[Activity]:
Leave out the pictures and restate the rest of the data exactly.

[Record extracts]:
-- Opening Marker --

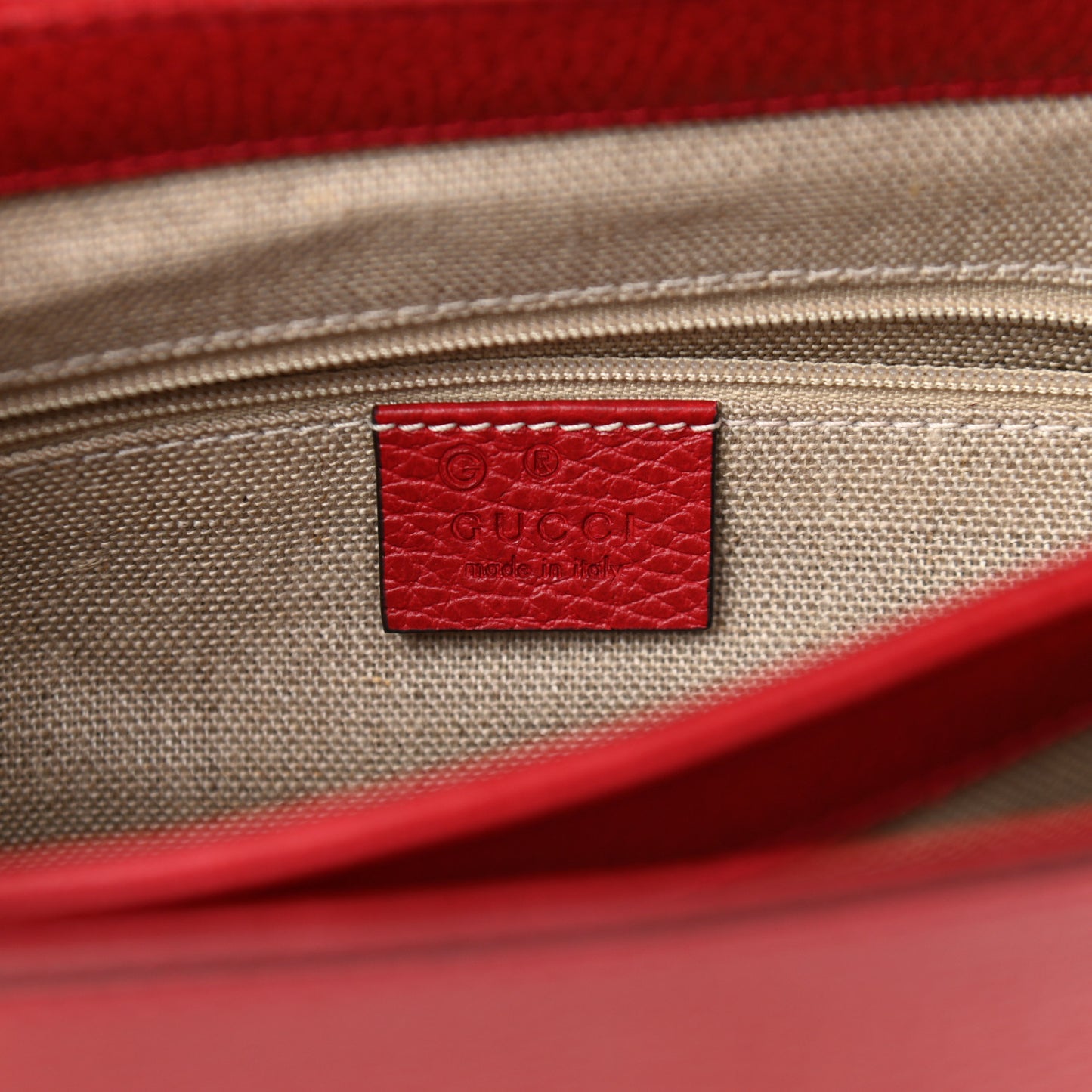 Dollar Calfskin Interlocking G Top Handle Shoulder Bag Red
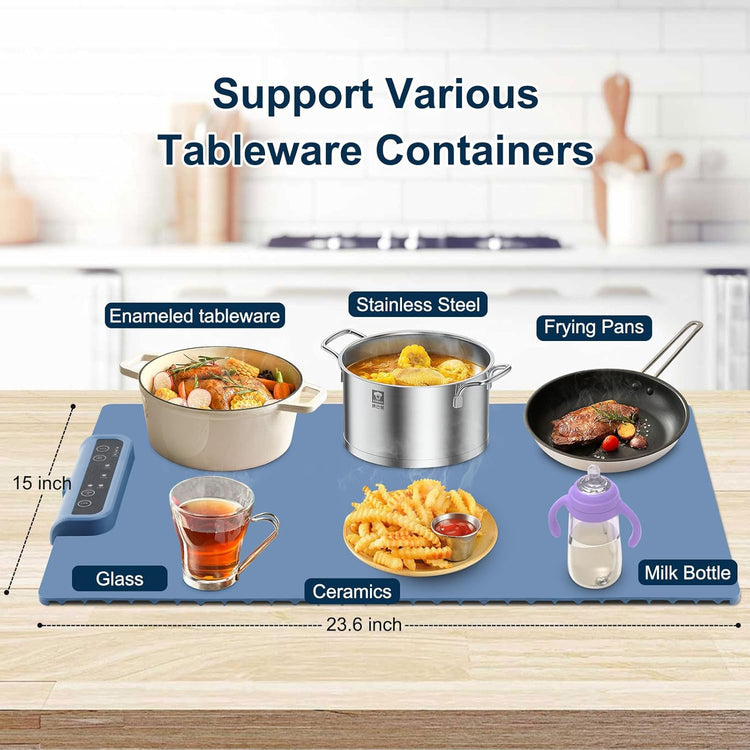 Warming Mat for Food, Full Surface Heating Electric Warming Tray for Food, 3-Temperature Settings Portable Food Warming Mat, Auto Shut-Off Rollable Warming Trays for Buffets Party, Gatherings Blue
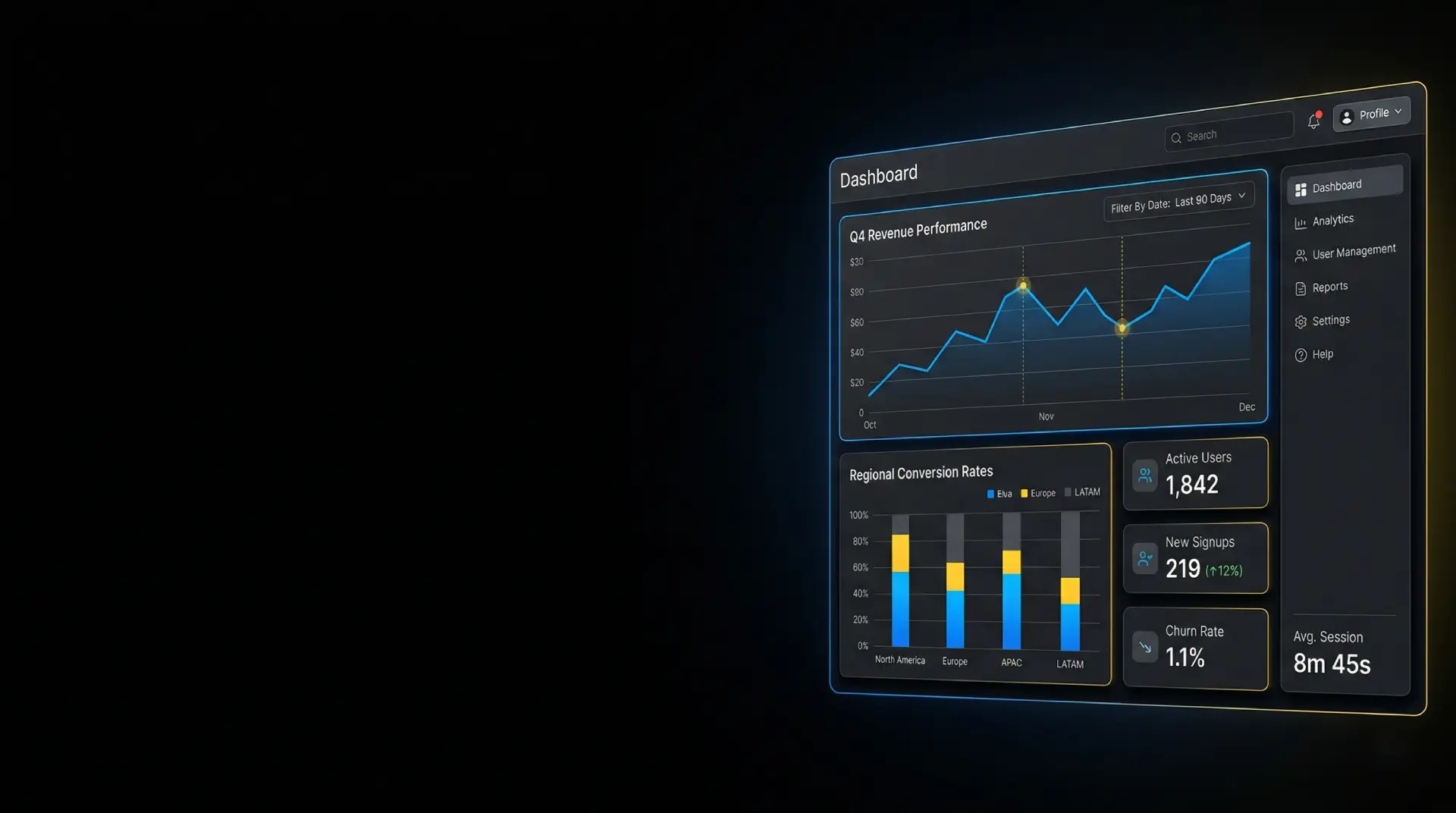 Interfaz digital de software mostrando resultados y métricas web en Huelva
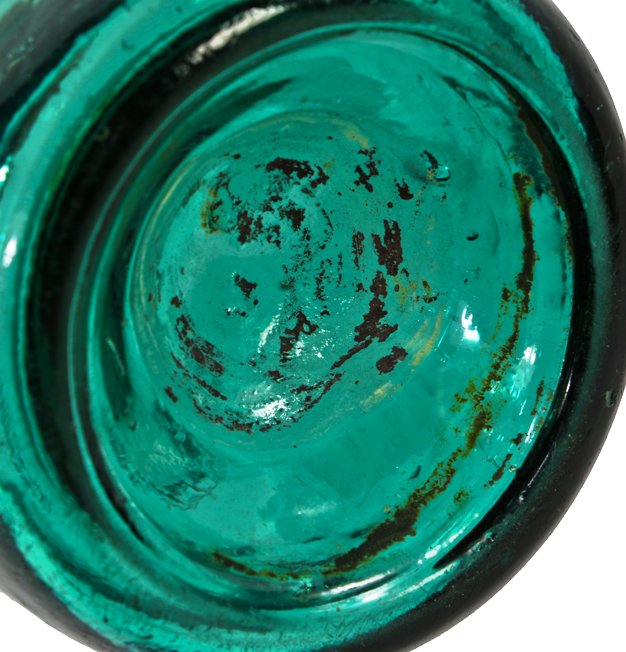 single all original and lightly cleaned c. 1846-1847 early american medium green iron-pontiled "dr. brown" soda or mineral water bottle likely dug in baltimore or new york city
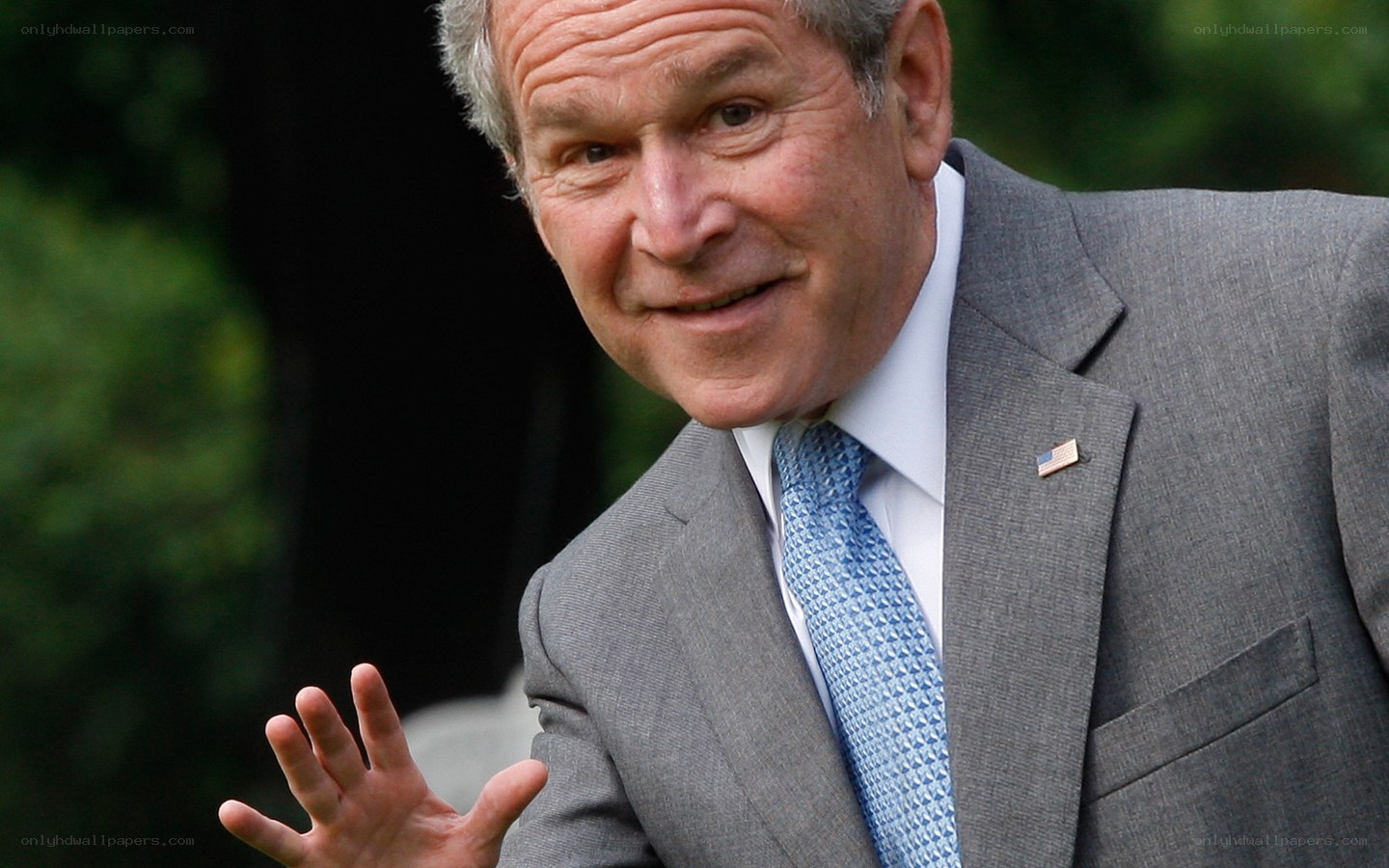 George W. Bush waving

-- Closing Marker --

[Exercise solution]:
 Dollar Calfskin Interlocking G Top Handle Shoulder Bag Red
 Warming Mat for Food, Full Surface Heating Electric Warming Tray for Food, 3-Temperature Settings Portable Food Warming Mat, Auto Shut-Off Rollable Warming Trays for Buffets Party, Gatherings Blue
 Interfaz digital de software mostrando resultados y métricas web en Huelva
 single all original and lightly cleaned c. 1846-1847 early american medium green iron-pontiled "dr. brown" soda or mineral water bottle likely dug in baltimore or new york city
 George W. Bush waving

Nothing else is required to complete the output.